Executive compensation can be fraught with peril, especially with respect to taxation. A number of treacherous federal tax provisions can create “gotcha” scenarios. Unexpected penalties, additional taxes or costly corrections can ensue from a missed deadline or a deficient agreement. Whether this is a reminder or alarming news, staying alert to the following issues can help avoid pain and suffering:
One of the biggest compensation pitfalls is Section 409A of the federal tax code. You have to worry about 409A whenever a right to compensation is created in one year that is (or could be) payable in a later year. This can apply to severance arrangements, bonuses, equity compensation, reimbursements and other types of remuneration that you normally might not think of as deferred compensation. With the employee subject to a tax penalty of 20 percent of the deferred amount that’s in violation, compliance with 409A demands attention.
On a basic level, Section 409A requires that you specify a time and form of payment. Arrangements can be structured either to comply with 409A or to be exempt by meeting special exemption rules. The rules are not “flexible.” They are particularly rigid when it comes to changing the time or form of payment of deferred amounts set up to comply with (rather than be exempt from) 409A. This inflexibility makes it preferable in many cases to structure payments as exempt from 409A.
Potential problem areas related to executives’ deferred compensation include:
Stock options: Discounted stock options usually violate 409A. Under normal circumstances, a stock option must have an exercise price that is no less than fair market value on the date of grant. For publicly traded companies, determining fair market value is usually simple. One approach for private companies is to obtain an independent valuation. Another (for start-ups less than 10 years old) is to have a qualified person at the company perform the valuation. Unless a material change occurs, you normally can rely on an independent valuation for 12 months. Determining whether a change is material can be a challenge. Timing issues arise as well: If a company issues options just before signing a term sheet to sell the company, a higher valuation in the deal can lead to questions about the option exercise price.

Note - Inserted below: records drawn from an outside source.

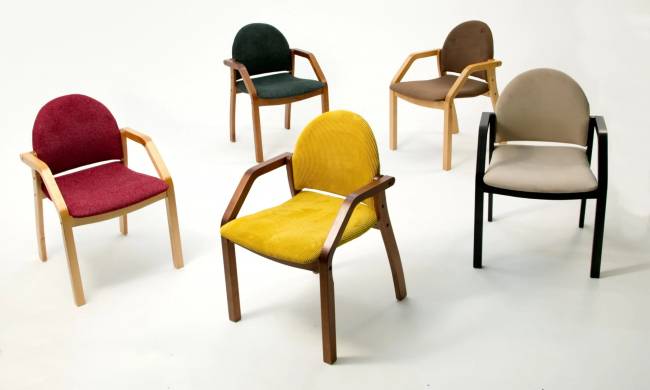 Стул-кресло Джуно 2.0 натур/зелёный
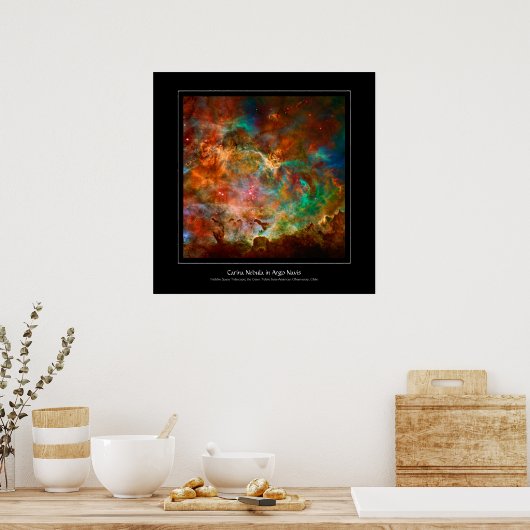 Carina Nebula im Sternbild Argo Navis Poster (Küche)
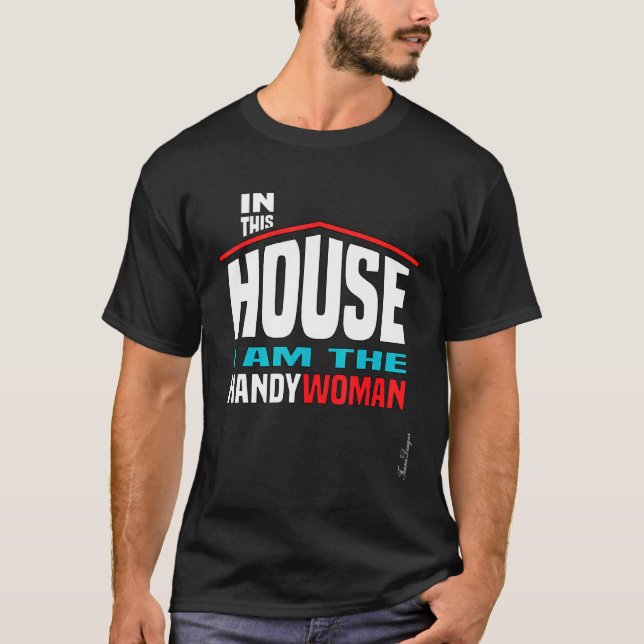 Fun House Women Professioneller Builder Proud Hand T-Shirt (Vorderseite)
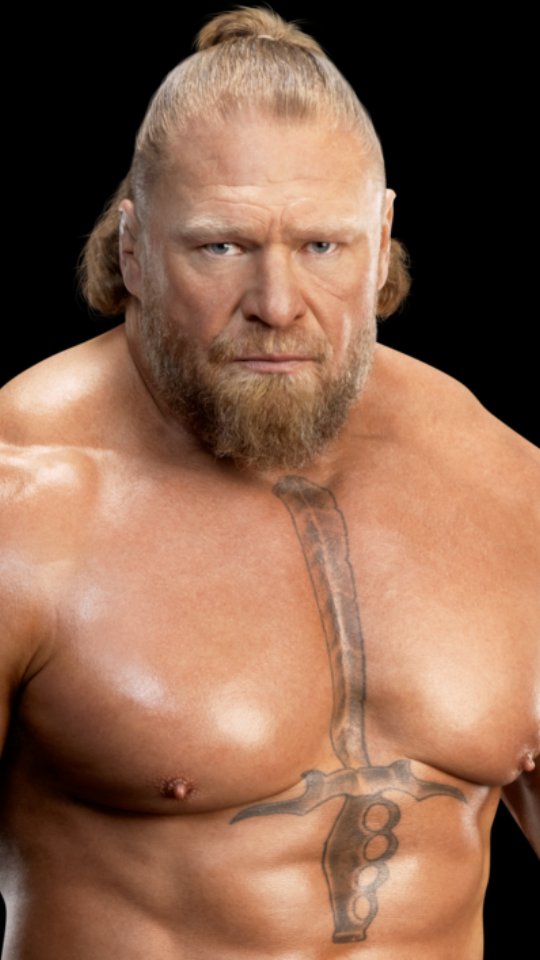 A close-up of Brock Lesnar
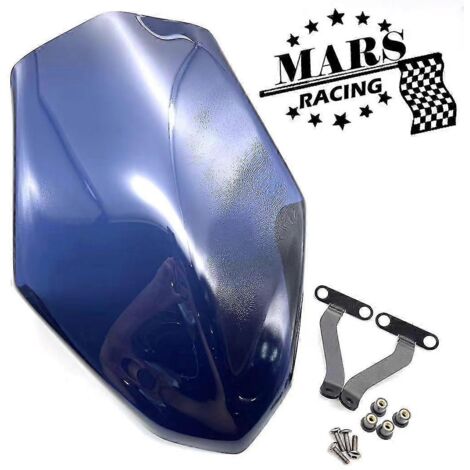 Pour Honda CB500F (2015-2020) : pare-brise, kit déflecteur en aluminium, gris foncé. (1/5)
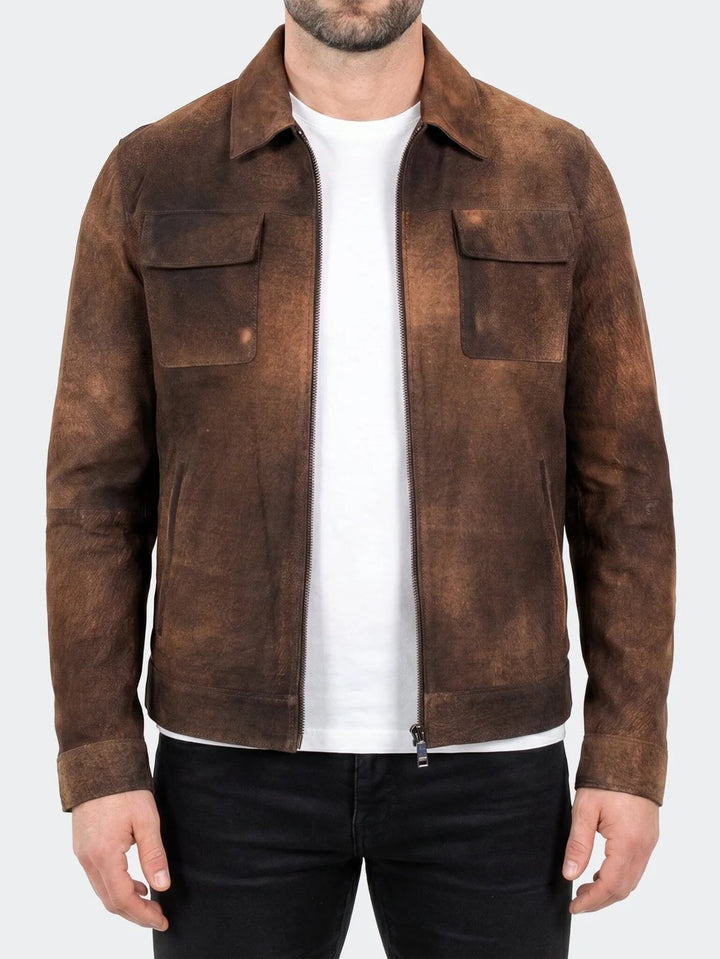 Maceoo Jacket | Jacket Leather UnknownThirtyNine Brown
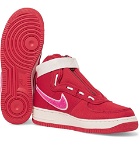 Nike - Emotionally Unavailable Air Force 1 Zipped Canvas High-Top Sneakers - Red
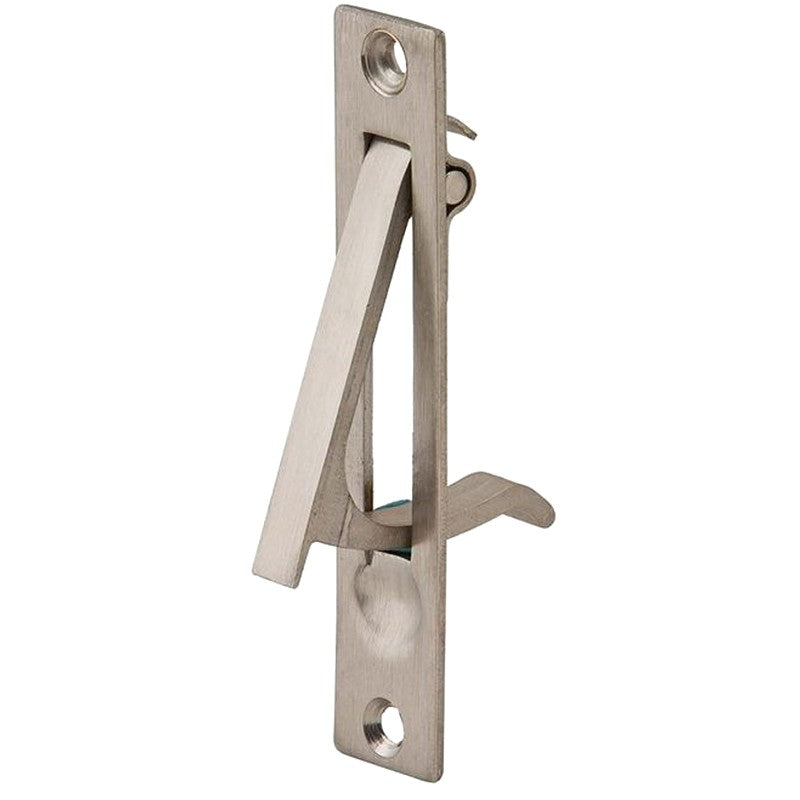 Schlage Ives Series 230B15 Sliding Door Edge Pull, 3/4 in W, 3-7/8 in H, Brass, Satin Nickel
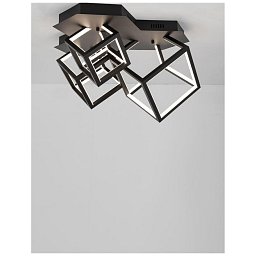 Stropní svítidlo GABBIA černý hliník a silikon LED 110W 230V 3000K IP20 stmívatelné - NOVA LUCE Obrázek pro produkt Stropní svítidlo GABBIA černý hliník a silikon LED 110W 230V 3000K IP20 stmívatelné - NOVA LUCE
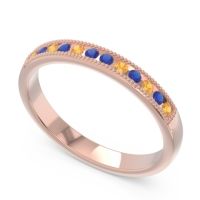 Half Eternity Milgrain Channel Set Tulita Band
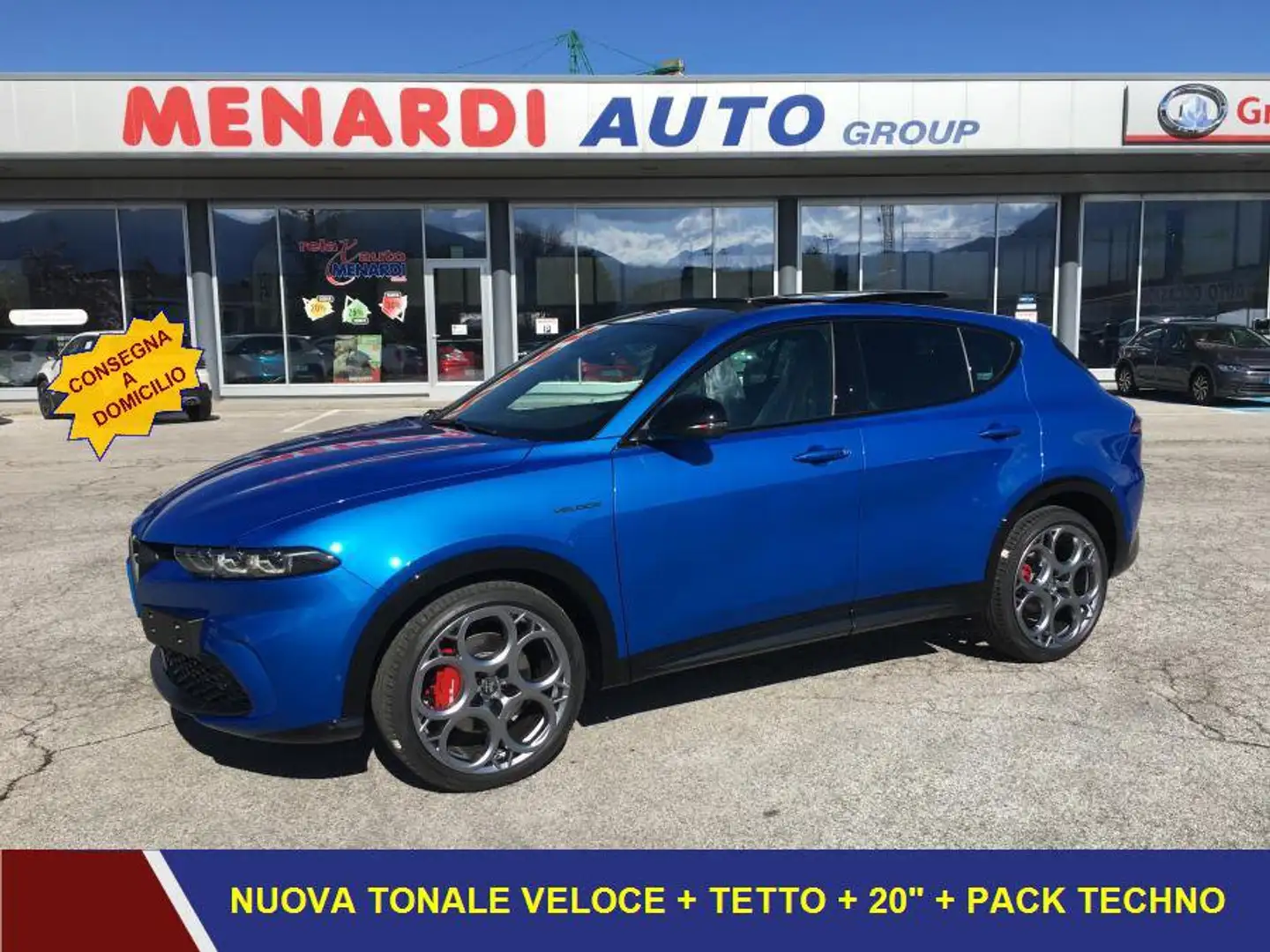 Alfa Romeo Tonale 1.6 Diesel 130cv TCT6 Veloce TETTO APRIBILE + TEC Blu/Azzurro - 1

It also is important to follow effective grant practices. Maintaining proper board practices to document option grants can avoid questions about the validity and grant dates of options later on.
Bonuses: If it is feasible to pay annual bonuses no later than March 15 of the following year, you can take advantage of the “short term deferral” exception to Section 409A. If a bonus is truly discretionary, it also is exempt from 409A. Otherwise, you need to be mindful of structuring the timing of the bonus so that it complies with 409A.